The earliest recorded grave in this cemetery is for Jacob Landes, who passed away at age 12 on May 12, 1811.

“Jacob Landes’ family lived in Lockbourne and Landis Street is named after the family,” said Lockbourne Mayor Christie Ward.

The last interment in Landes Cemetery is John Plum’s, who was 10 when he passed away in February 1859. With more than four decades between the first and last burials and no identifiable clusters of deaths within a specific year, the idea that a majority of the burials was due to a plague comes into question.

What is not disputable is the grave of John Decker in the Decker Cemetery, a family plot in a field near the Lockbourne Post Office. Decker passed away in 1828 and his burial site is commemorated with a plaque noting Decker’s history as a Revolutionary War Patriot.

Pvt. John Reid—a veteran of the War of 1812 and John Decker’s brother-in-law—was born in 1792, passed away in 1838 and is also buried in the Decker Cemetery, along with fellow War of 1812 veteran Pvt. Luke Decker, the son of John Decker.

Civil War veterans Jacob Mourer and Pvt. John Parkinson are buried in other village cemeteries—which include the Old Lockbourne Cemetery and the Ray Watkins Cemetery—along with World War I veteran Oscar Ruechel, who served in the U.S. Army in 1918.

“These veterans are part of Lockbourne’s history and are to be remembered for their service in preserving our freedoms.
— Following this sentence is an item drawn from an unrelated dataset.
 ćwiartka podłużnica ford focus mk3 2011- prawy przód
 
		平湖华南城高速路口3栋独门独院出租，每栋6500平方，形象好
We are thankful for their commitment to this country,” said Lockbourne Village Administrator Jane McJunkin.

The interment generating the most public interest of its day was for Israel Jordan, who passed away at age 80 in 1903 following a four-day search, according to uncredited newspaper articles of the time.
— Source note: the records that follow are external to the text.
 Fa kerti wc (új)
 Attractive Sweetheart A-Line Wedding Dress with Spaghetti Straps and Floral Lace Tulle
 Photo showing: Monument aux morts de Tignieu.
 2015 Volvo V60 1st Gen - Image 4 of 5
Jordan walked away from his home in Pharisburg, Ohio (Near Marysville) without notice on Feb. 4, bought a train ticket to Cincinnati and, after a relative notified police of his great uncle’s disappearance, was discovered two days later in a Kentucky stable.
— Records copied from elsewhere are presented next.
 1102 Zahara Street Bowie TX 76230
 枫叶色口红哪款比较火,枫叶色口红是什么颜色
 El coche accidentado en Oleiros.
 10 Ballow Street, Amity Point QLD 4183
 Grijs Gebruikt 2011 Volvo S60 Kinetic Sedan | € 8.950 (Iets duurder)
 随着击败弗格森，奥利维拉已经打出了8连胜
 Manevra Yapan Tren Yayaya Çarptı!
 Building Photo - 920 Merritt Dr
Jordan, in poor health and suffering from exposure, was taken to an infirmary in Cincinnati.

A doctor in his hometown offered to provide a place for him to stay if he could be transported back to Pharisburg, but before a distant relative could pick him up, he passed away in Cincinnati on Feb. 7.

He was later buried in the Decker Cemetery.

According to Ward, Lockbourne is responsible for the upkeep of cemeteries within village limits.

“In 2013, Operation Flag led by Joe Testa with ROTC students from Grove City High School, Franklin Heights High School and Westland High School restored the tombstones in the Old Lockbourne Cemetery,” said Ward. “A rededication ceremony was held on May 27, 2013.”